PromptMono: Cross Prompting Attention for Self-Supervised Monocular Depth Estimation in Challenging Environments
This work addresses the difficulty of depth estimation in diverse conditions for applications like autonomous driving, but it appears incremental as it builds on existing self-supervised methods with a novel module.
The paper tackles the problem of monocular depth estimation in challenging environments by introducing a self-supervised learning framework called PromptMono, which uses visual prompt learning and a gated cross prompting attention module to achieve superior performance on datasets like Oxford Robotcar and nuScenes.

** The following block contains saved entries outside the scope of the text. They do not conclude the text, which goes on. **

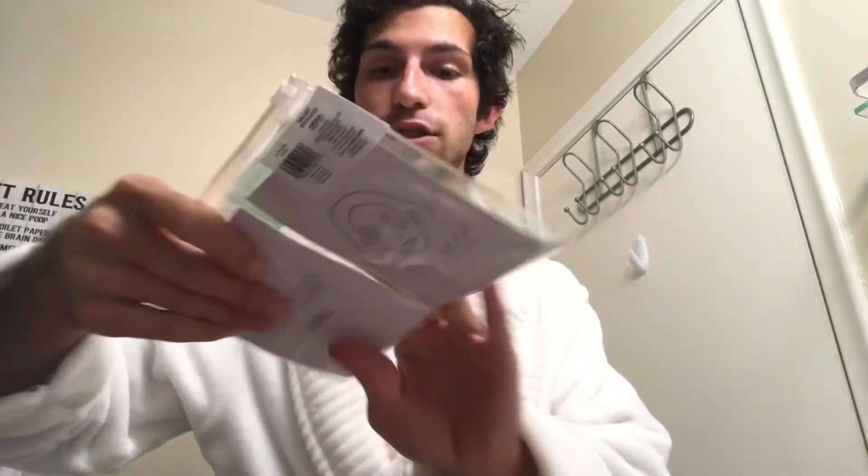Hello champions, welcome back to my channel. In today's video I'm going to be doing another review of the Target Dollar Section goodies. So let's get right into the video.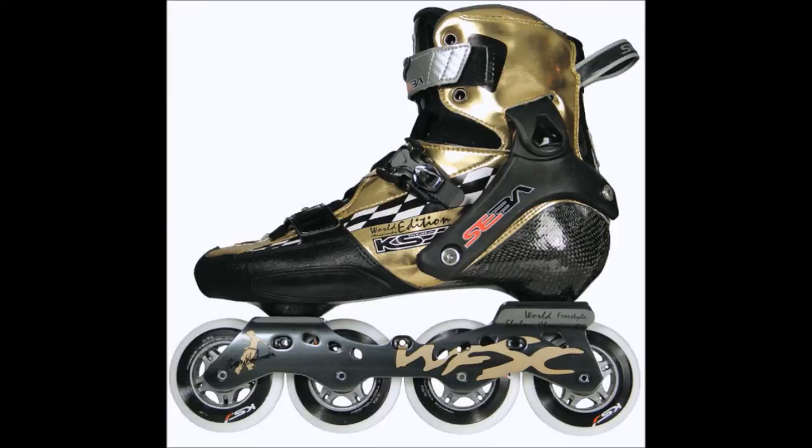If you are doing freestyle and particularly slalom, this pair of skates is definitely for you and I highly recommend getting it. But if you are doing aggressive skating or some crazy urban jumping around, you may want to reconsider. Thank you for watching — I will do more reviews on skates, and if there's a request, please leave it in the comments. Bye-bye.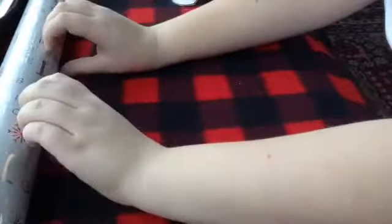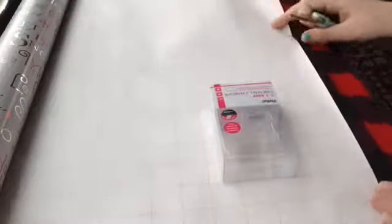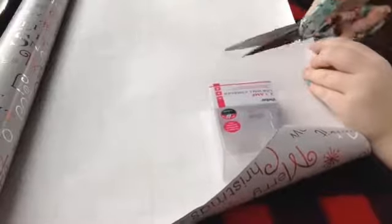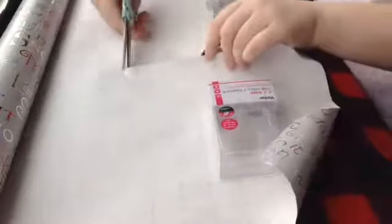I'm going to roll out the paper so it's a big piece. Instead of using such a big piece, you could use leftovers from Christmas Day or a birthday party. You could even do this for your doll's birthday, which is pretty cool. I'm going three squares over and then just going down like so.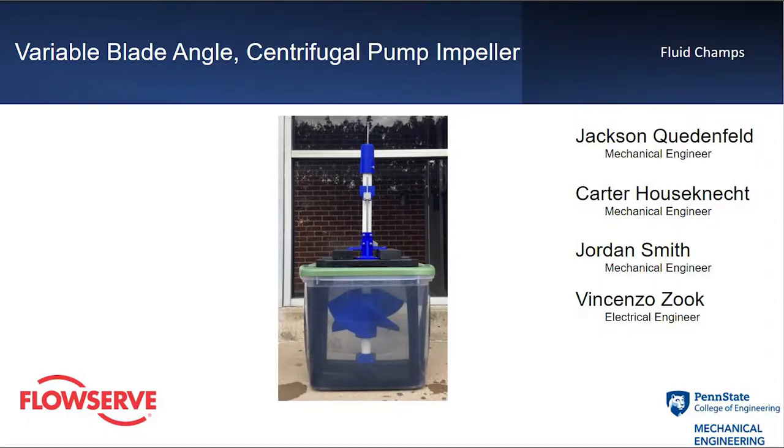The company's sponsor FlowServe has tasked their team to design a mechanical mechanism that allows for the variable blade angle of a pump impeller. Throughout this video, we are going to discuss the basics of pumps, the purpose of this project, the initial design phase, prototyping, as well as our final testing loop.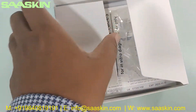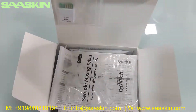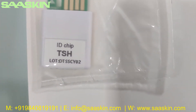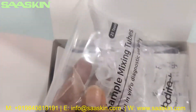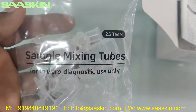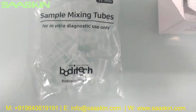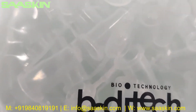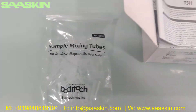Let me open this. Inside the box, you can find one ID chip — it says TSH on it. And going further inside, you can see there are 25 sample mixing tubes. Here they are — this is how the tubes look like. Sample mixing tubes, 25 in total.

Considerable efforts have been made to improve monocular depth estimation under ideal conditions. However, in challenging environments, monocular depth estimation still faces difficulties. In this paper, we introduce visual prompt learning for predicting depth across different environments within a unified model, and present a self-supervised learning framework called PromptMono. It employs a set of learnable parameters as visual prompts to capture domain-specific knowledge. To integrate prompting information into image representations, a novel gated cross prompting attention (GCPA) module is proposed, which enhances the depth estimation in diverse conditions. We evaluate the proposed PromptMono on the Oxford Robotcar dataset and the nuScenes dataset. Experimental results demonstrate the superior performance of the proposed method.